- French: Les Roches Rouges
- Directed by: Bruno Dumont
- Written by: Bruno Dumont
- Produced by: Joaquim Saphinho; Marta Alves; Fiorella Moretti; Carole Lambert; Marc Missonnier;
- Starring: Kaylon Lancel; Kelsie Verdeilles; Louise Podolski; Mohamed Coly; Alessandro Piquera; Meryl Pires;
- Cinematography: Carlos Alfonso Corral
- Edited by: Bruno Dumont
- Music by: Laia Torrents Carulla
- Production companies: Tessalit Productions; Rosa Filmes; Pulpa Film; Nightswim; Andergraun Films; Novak Prod;
- Distributed by: Les Films du Losange (France);
- Release dates: 20 May 2026 (Cannes); 23 September 2026 (France);
- Running time: 91 minutes
- Countries: France; Belgium; Italy; Portugal; Spain;
- Language: French

= Red Rocks (film) =

2026 film by Bruno Dumont

Red Rocks (French: Les Roches Rouges) is a 2026 coming-of-age docudrama film written, edited and directed by Bruno Dumont.

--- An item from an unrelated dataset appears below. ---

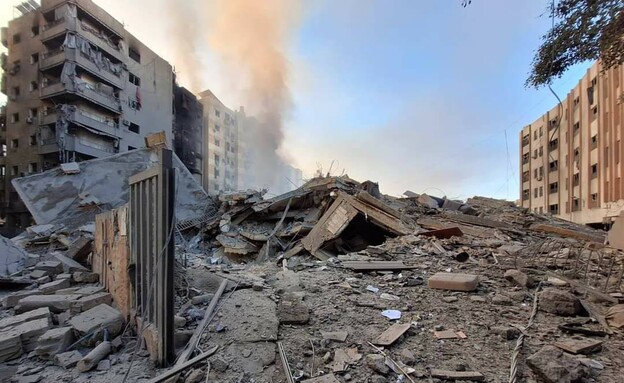 הרס, ביזה וכאוס: לבנון מתפוררת בחסות ערפל המלחמה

It follows five-year-old Geo (Kaylon Lancel) and his group of friends scrambling over the red rocks of the French Riviera and swimming in the Mediterranean.

The film had its world premiere at the Directors' Fortnight section of the 2026 Cannes Film Festival on 20 May. It will be released theatrically in France by Les Films du Losange on 23 September.

== Cast ==

- Kaylon Lancel as Géo
- Kelsie Verdeilles as Eve
- Louise Podolski as Manon
- Mohamed Coly as Rouben
- Alessandro Piquera as B
- Meryl Pires as Do

== Production ==
The film was shot in Provence-Alpes-Côte d'Azur and Friuli-Venezia Giulia. Shot with non-professional infant actors, the film adopts a quasi-documentary approach.

== Release ==
The film had its world premiere at the Directors' Fortnight section of the 2026 Cannes Film Festival on 20 May, alongside a masterclass by the filmmaker. It will have its North American premiere at the Currents section of the 2026 New York Film Festival.

It will be released theatrically in France by Les Films du Losange on 23 September. Luxbox will handle international sales.